Adhesion to a surface can be mediated by strong chemical bonds or by physical interactions. Covalent and hydrogen bonds are generally used in the animal world for irreversible bonding. In most cases surface reactive species are secreted by the animal and used as a bio-glue to stick to a surface, for example catechol units in DOPA-containing adhesive proteins secreted by mussels.

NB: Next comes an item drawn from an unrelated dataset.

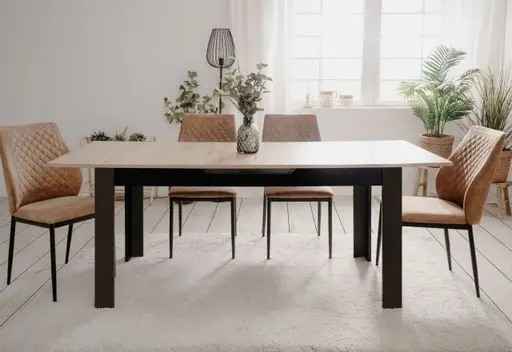 Esstisch - ausziehbar, LB ca. 160x80 cm, Artisan Eiche Nachbildung, Schwarz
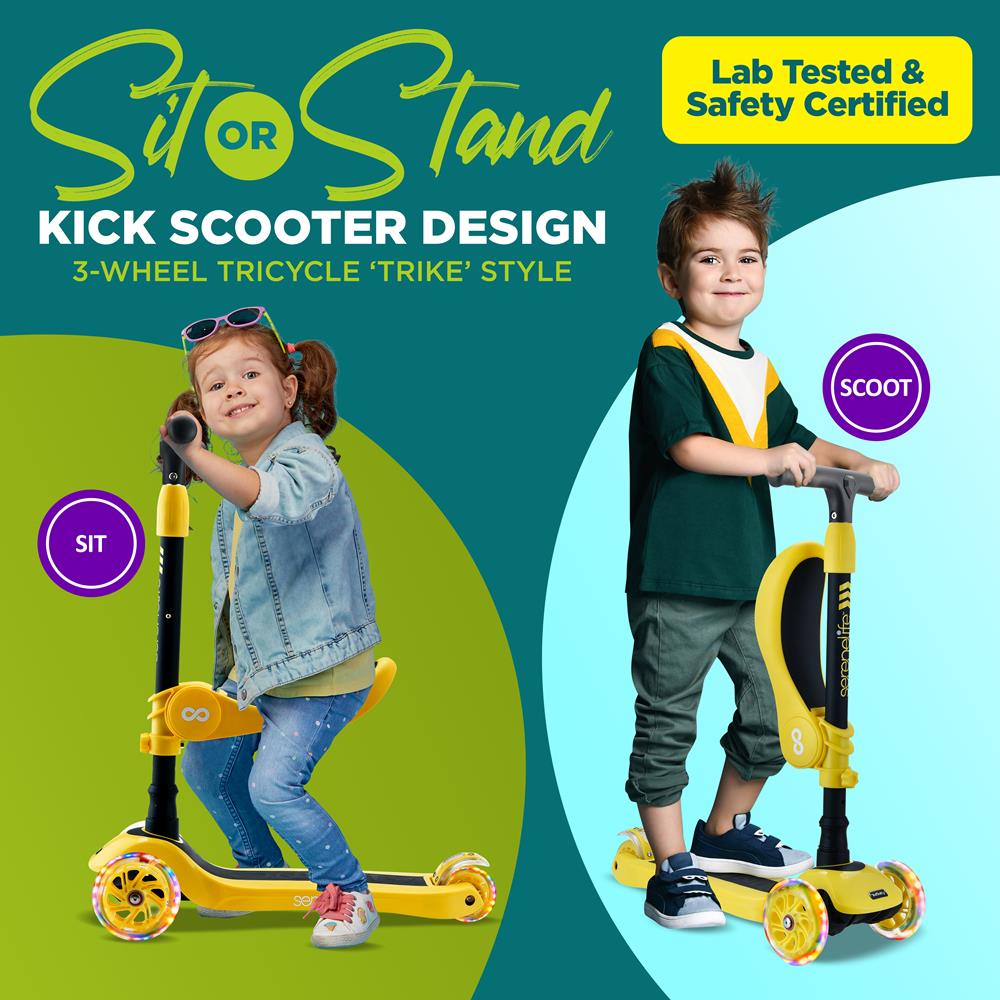 Infinity 3-Wheel Kids Scooter - Child & Toddler Toy Scooter With Built-In Led Wheel Lights, Fold-Out Comfort Seat (Yellow)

When reversible adhesion is required, as in adhesive pads used for locomotion, nature utilizes physical interactions enhanced by complex topographical designs. Two main types of adhesive designs are found in the attachment pads of animals: “fibrillar” (in geckos, insects and spiders) and “soft” pads (in crickets and tree and torrent frogs). Both systems allow conformal contact to the substrate independent of the substrate roughness, either using flexible hairs or highly deformable material.

We design and fabricate adhesive polymer materials inspired in these different natural adhesion concepts.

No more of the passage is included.